Training Day – Part 5 Shake the Pump!
The words of the late Jimmy Jewel have stuck in my mind for many years and what he said is what most climbers dream of. “If I can stick the hold, I can hold it forever”.
Jimmy was a renowned British solo climber back in the late 80′s and what he said has been an ambition of mine ever since I heard it, I don’t want to get pumped! If you have been following some of my tips so far you should feel a lot stronger on the rock. Now the problem will be, how does one keep that pump at bay.
My personal break through into the higher grades came only once I had learned how to train endurance. I was as strong as an ox back then in the late 80′s. I could do one arm pull ups left and right, I could do three sets of eight pull ups with 34kgs of extra weight and I could hang on the smallest holds, but I could only climb grade 20, max! I just got pumped out of my bracket after 8 -10 moves, that was normally after clipping the third bolt. Climbing friends of mine couldn’t believe how badly I did on rock.
Having seen me training, they thought I must be up there in the big grades. They were surprised and I was desperate for an answer. I read my first training book by Wolfgang Gulich and started thinking and training like an athlete.
For me and for most climbers the answer was quite simple, get a stop watch and train for endurance. If you want to run a marathon you need to run more than a few kilometres in your training.
On the boulder wall this athlete mind set would equate to climbing for 20 minutes non stop. This would mean combining laps on easier problems with long traverses and throwing a harder problem in to the mix every now and then for some spice. It helps training with a friend as it can get monotonous and some good music helps too. After having done your 20 minutes a good rest for full recovery is needed and then it is back onto the wall for the next 20 minutes. You and a friend could alternate 20 on 20 off.
On a climbing wall where the route selection is probably easier than on a boulder wall 40 minute work outs are required. Once again alternate with your climbing partner and climb up and down routes on lead and top rope, change from one route to the next as quickly as possible. Ideally you should try and find 3 or 4 routes of the right grade next to one another and just top rope up and down them.
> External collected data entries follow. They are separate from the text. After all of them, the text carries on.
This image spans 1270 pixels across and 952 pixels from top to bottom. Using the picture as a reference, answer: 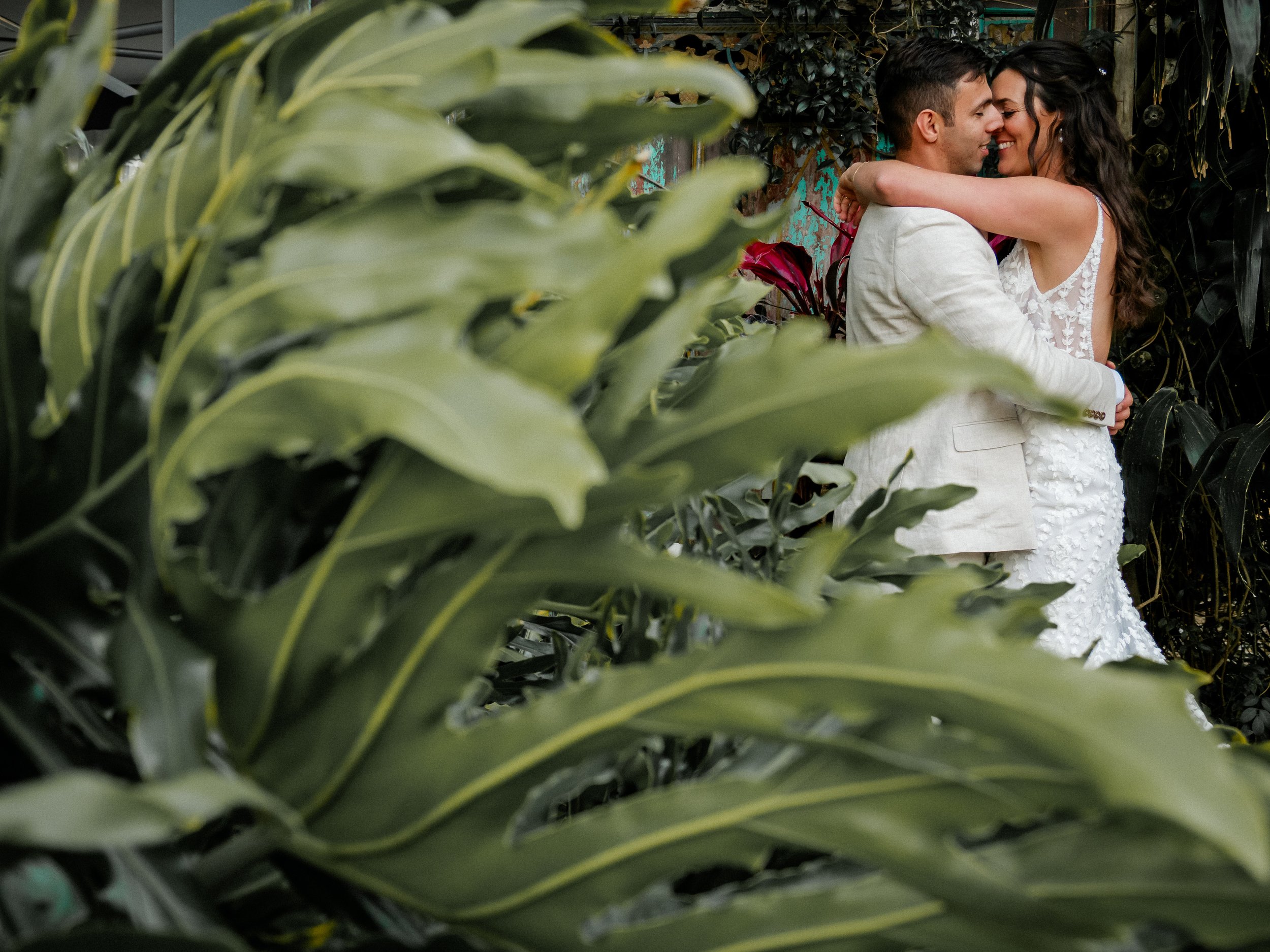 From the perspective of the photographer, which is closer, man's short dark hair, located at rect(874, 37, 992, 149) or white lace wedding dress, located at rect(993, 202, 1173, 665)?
white lace wedding dress, located at rect(993, 202, 1173, 665)

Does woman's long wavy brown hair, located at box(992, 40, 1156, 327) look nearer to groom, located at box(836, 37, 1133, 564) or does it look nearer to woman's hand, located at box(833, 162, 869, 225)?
groom, located at box(836, 37, 1133, 564)

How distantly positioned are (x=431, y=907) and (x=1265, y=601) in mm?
2369

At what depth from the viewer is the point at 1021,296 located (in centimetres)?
187

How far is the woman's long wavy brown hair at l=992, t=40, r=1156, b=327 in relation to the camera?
73.5 inches

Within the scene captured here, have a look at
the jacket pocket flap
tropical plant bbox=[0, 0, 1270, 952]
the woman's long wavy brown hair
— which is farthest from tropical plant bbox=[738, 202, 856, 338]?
tropical plant bbox=[0, 0, 1270, 952]

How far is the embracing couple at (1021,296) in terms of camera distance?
1728 mm

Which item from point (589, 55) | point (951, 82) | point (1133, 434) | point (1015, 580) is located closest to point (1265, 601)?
point (1133, 434)

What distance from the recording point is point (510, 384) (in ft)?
0.49

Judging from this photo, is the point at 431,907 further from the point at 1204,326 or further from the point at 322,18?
the point at 1204,326

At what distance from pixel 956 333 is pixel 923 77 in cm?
53

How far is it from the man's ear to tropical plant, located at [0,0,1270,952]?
6.03ft

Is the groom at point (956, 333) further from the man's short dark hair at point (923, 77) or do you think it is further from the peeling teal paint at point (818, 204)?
the peeling teal paint at point (818, 204)

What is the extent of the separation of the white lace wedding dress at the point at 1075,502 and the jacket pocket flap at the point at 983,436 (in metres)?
0.04

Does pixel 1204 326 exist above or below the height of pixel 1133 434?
above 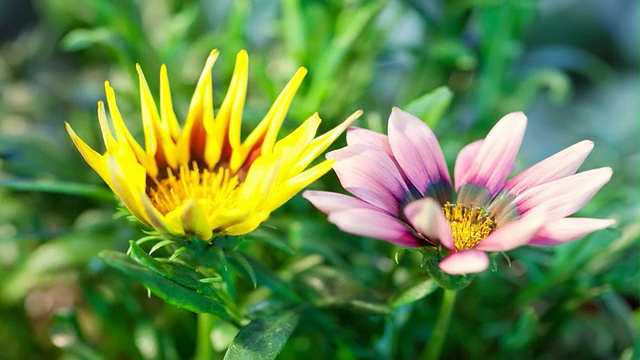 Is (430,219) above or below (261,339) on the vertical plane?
above

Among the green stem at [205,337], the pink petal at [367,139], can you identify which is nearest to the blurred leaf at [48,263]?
the green stem at [205,337]

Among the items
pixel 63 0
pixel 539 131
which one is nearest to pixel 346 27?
pixel 63 0

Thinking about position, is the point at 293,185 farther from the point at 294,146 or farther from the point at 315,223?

Choose routes that are easy enough so that you do not fall off and try not to have a definite crux in the route, if there is a crux then use other holds to keep the flow and right intensity.
The aim here is to climb until the alarm on the watch goes, do not stop earlier, this is what the mind will want to do. Your body can go further than you think, you just have to believe that now. This kind of training is not very hard on the body and a full days rest is required before you train again. What I do is warm up well then do some hard problems, maybe half a boulder session, then finish off with 1 – 3, 20 minute non stop bouldering blocks.
Watch how your endurance picks up and amazingly you start feeling good on the rock as well. The long climbing sessions teach you to flow, not over grip, milk the rests and climb in balance at all times. You start to climb automatically with a kind of instinct as your engram’s are awakened and body memory takes over.
The vertical now becomes your world and you will find the pump takes a lot longer to set in and when it does
you can shake it off with one or two shakes of the arm to carry on up to clip those chains!